Core Inflation Cooling but Still High, Supporting Likely Fed Rate Hike

As we navigate the ever-changing economic landscape, understanding key indicators like inflation and housing dynamics becomes crucial. In this blog, we delve into recent data, their impact on various sectors, and what these trends suggest for the Federal Reserve's policies.


Inflation Takes a Step Back

Inflation, a hot topic in economic discussions, is showing interesting shifts. The consumer price index (CPI) climbed 3.0 percent year-over-year in June, marking the smallest increase since March 2021. A notable contributor to this trend is a significant 16.7 percent decline in energy costs. This drop in energy expenses has played a vital role in slowing the overall inflation rate to a third of its peak in June 2022. However, other consumer goods and services, such as housing and medical care, continue to rise in price. The core CPI inflation, which excludes more volatile components like food and energy costs, rose 4.8 percent year-over-year in June. Although lower than its peak of 6.6 percent in September 2022, core inflation remains elevated compared to historical norms.


Housing Impact on Inflation

Housing costs play a critical role in the inflation story. The shelter index, which monitors various housing expenses, remained a significant contributor to inflation, despite a slight softening from May. However, more recent data points to a gradual decline in pricing. For instance, while the median sale price of existing single-family homes surged by 16.5 percent in 2021, it only increased by 1.9 percent in 2022 and even declined year-over-year in May. Multifamily rents also experienced a slowdown, with the national average effective rent rising only by 1.5 percent in the first half of this year. This recalibration in residential markets reflects the intersection of demand, supply, and inflation dynamics.
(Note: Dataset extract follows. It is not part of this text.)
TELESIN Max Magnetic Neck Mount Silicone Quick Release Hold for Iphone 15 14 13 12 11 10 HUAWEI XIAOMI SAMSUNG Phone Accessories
Economic Signals from Energy Costs

Though not included in core CPI calculations, energy costs are a tangible budget item for households. Steady decreases in gasoline, oil, and gas utility costs from their 2022 peaks free up funds for other expenses. This reduction in energy costs could support household formations and increase consumer spending, benefiting both the apartment and retail sectors. Moreover, the travel industry could receive a boost, as affordable gas prices and lower airline fares encourage more people to embark on trips.


Federal Reserve's Focus and Future Implications

The Federal Reserve closely monitors inflation trends, with a specific focus on core inflation. The core personal consumption expenditures (PCE) index, a favored inflation measure for the Fed, was at 4.6 percent in May, significantly above its 2 percent target. While recent data might indicate a slowdown in core inflation, pricing pressures remain elevated. With a historically low unemployment rate of 3.6 percent driving above-average wage growth, there's mounting anticipation for a 25-basis-point increase by the Federal Reserve in its upcoming July meeting. If implemented, this would bring the overnight lending rate to a lower bound of 5.25 percent, the highest since March 2001.
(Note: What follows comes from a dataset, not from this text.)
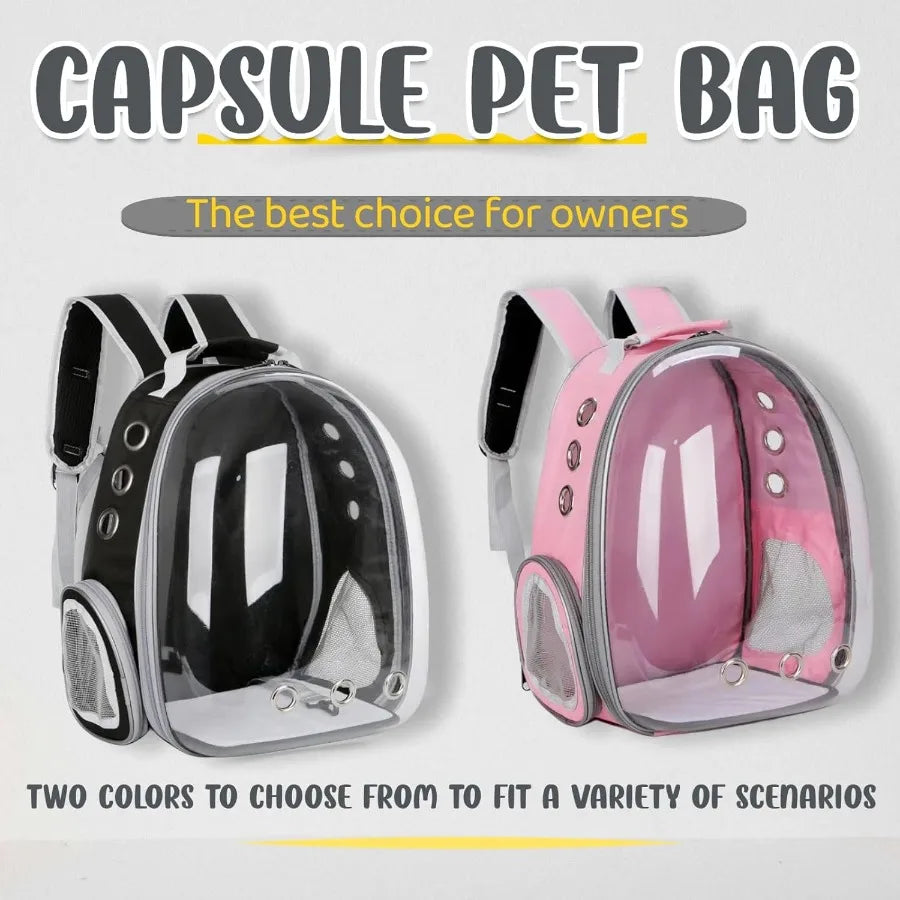 Two capsule pet bags, one black and one pink, on a light gray background with promotional text.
In conclusion, the intricate dance of inflation, housing dynamics, and monetary policy continues to shape the economic landscape. These trends carry implications for various sectors, from real estate to consumer spending, and signal the Federal Reserve's ongoing challenge in balancing economic growth and price stability. As we move forward, keeping a close watch on these trends is essential for informed decision-making and preparedness in the ever-evolving financial world.